Literature DB >> 11918648

The surgical management of spasticity.

Y Lazorthes1, J-C Sol, B Sallerin, J-C Verdié.   

Abstract

Neurosurgery is only considered for severe spasticity following the failure of noninvasive management (adequate medical and physical therapy). The patients are carefully selected, based on rigorous multidisciplinary clinical assessment. In this we evaluate the contribution of the spasticity to the disability and any residual voluntary motor function. The goals for each patient are: (a) improvement of function and autonomy; (b) control of pain; and (c) prevention of orthopaedic disorders. To achieve these objectives, the surgical procedure must be selective and reduce the excessive hypertonia without suppressing useful muscle tone and limb functions.

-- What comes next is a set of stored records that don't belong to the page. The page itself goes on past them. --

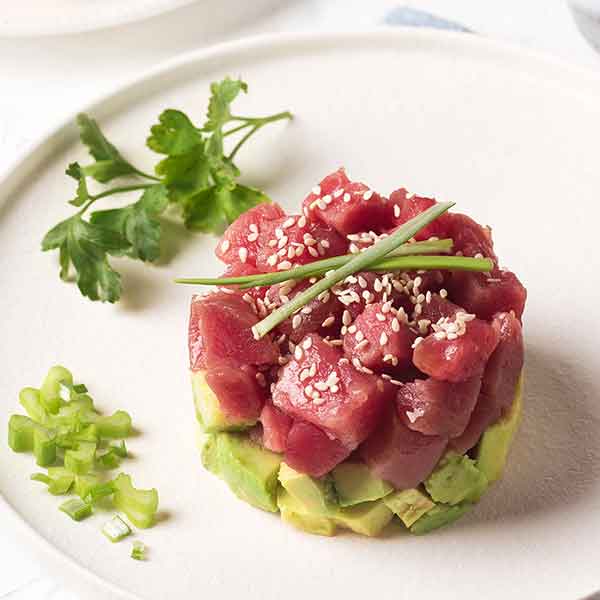 Tartar zubereitet mit dem Schockkühler &-froster mit Quereinschub von Electrolux Professional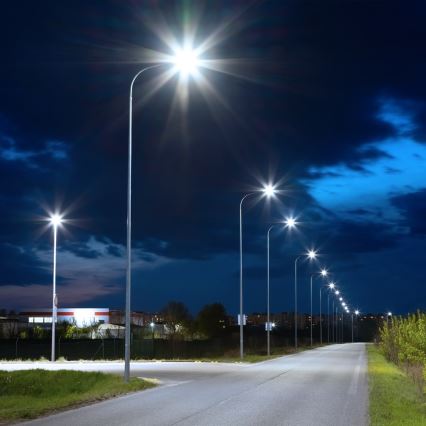 Ρυθμιζόμενο LED φωτιστικό δρόμου με αισθητήρα λυκόφωτος και ηλιακό πάνελ LED/200W/20000 mAh 6500K IP65 γκρι
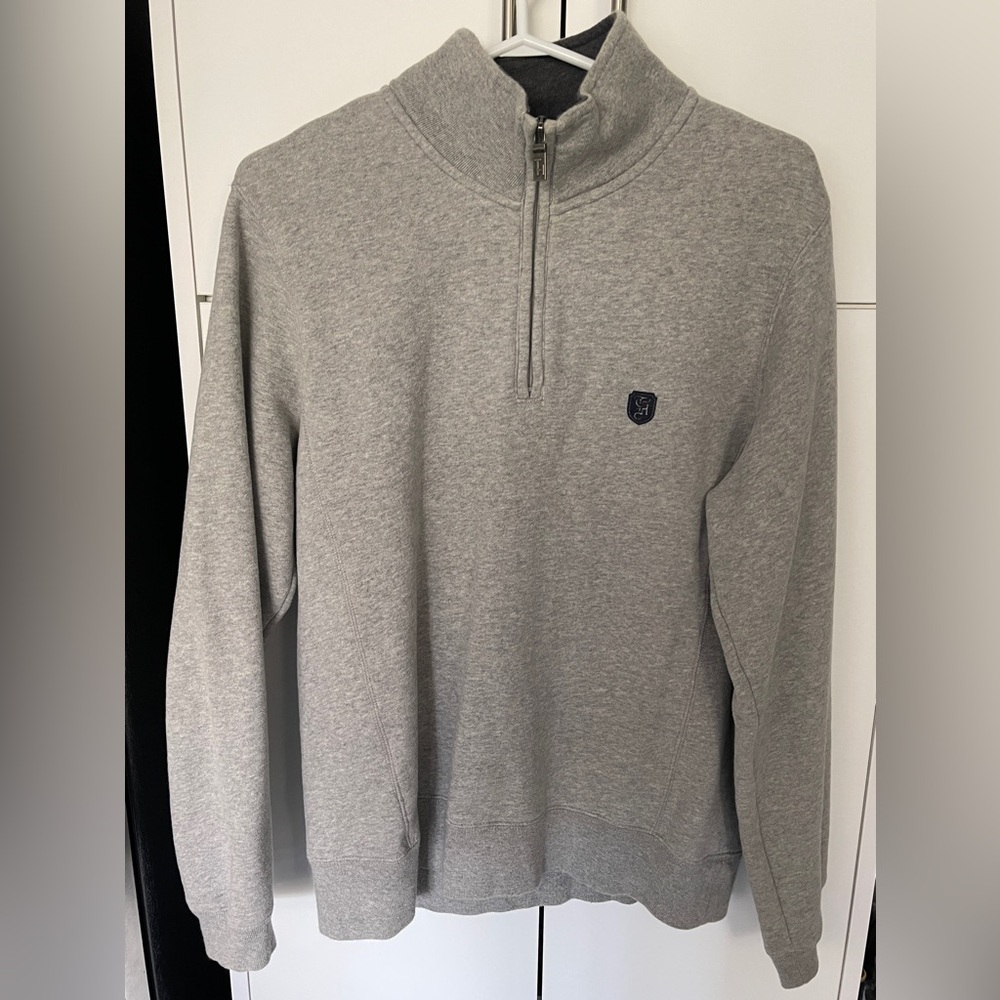 Tommy Hilfiger Men’s Sweater Pullover Grey Size Medium M Comfy For Winter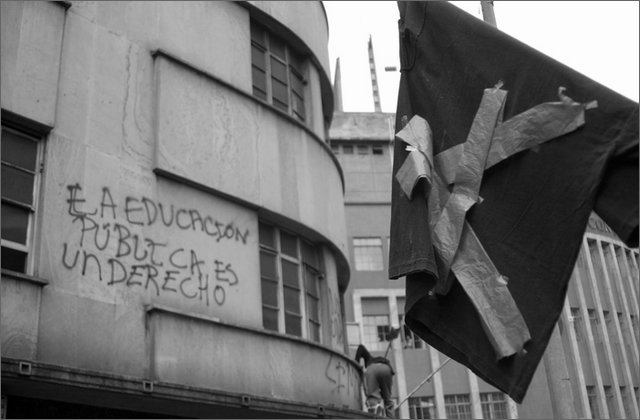 121400---colombia----antioquia.-medellin.-manifestazione-universitaria-contro-la-criminalizzazione-scritta-la-educacion-publica-es-un-derecho-su-un-mu----ott-2008-.jpg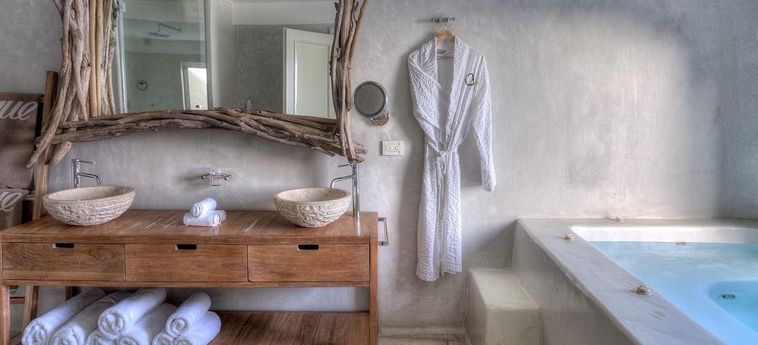 Mystique, A Luxury Collection Hotel, Santorini:  SANTORINI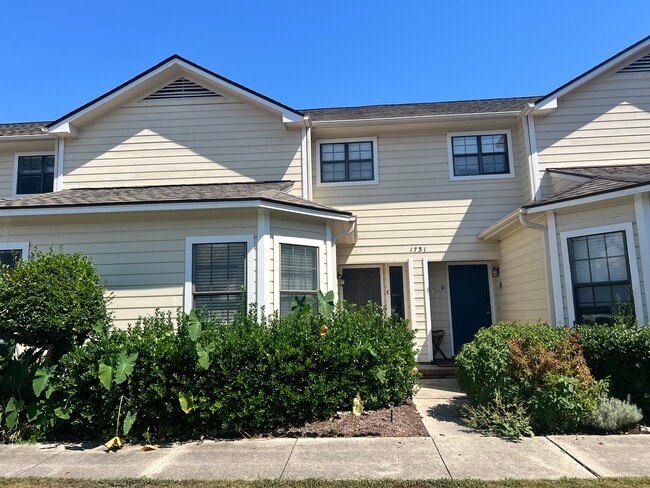 Building Photo - 1731 41st St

The surgical procedures are: (1) Classical neuro-ablative techniques (peripheral neurotomies, dorsal rhizotomies) and their modern modifications using microsurgery and intra-operative neural stimulation (dorsal root entry zone: DREZotomy). These techniques are destructive and irreversible, with the reduced muscle tone reflecting the nerve topography. It is mainly indicated when patients have localized spasticity without useful mobility. (2) Conservative techniques based on a neurophysiological control mechanism. These procedures are totally reversible. The methods involve chronic neurostimulation of the spinal cord or the cerebellum. There are only a few patients for whom this is indicated. Conversely, chronic intrathecal administration of baclofen, using an implantable pump, is well established in the treatment of diffuse spasticity of spinal origin. From reports in the literature, we critically review the respective indications in terms of function, clinical progression and the topographic extent of the spasticity.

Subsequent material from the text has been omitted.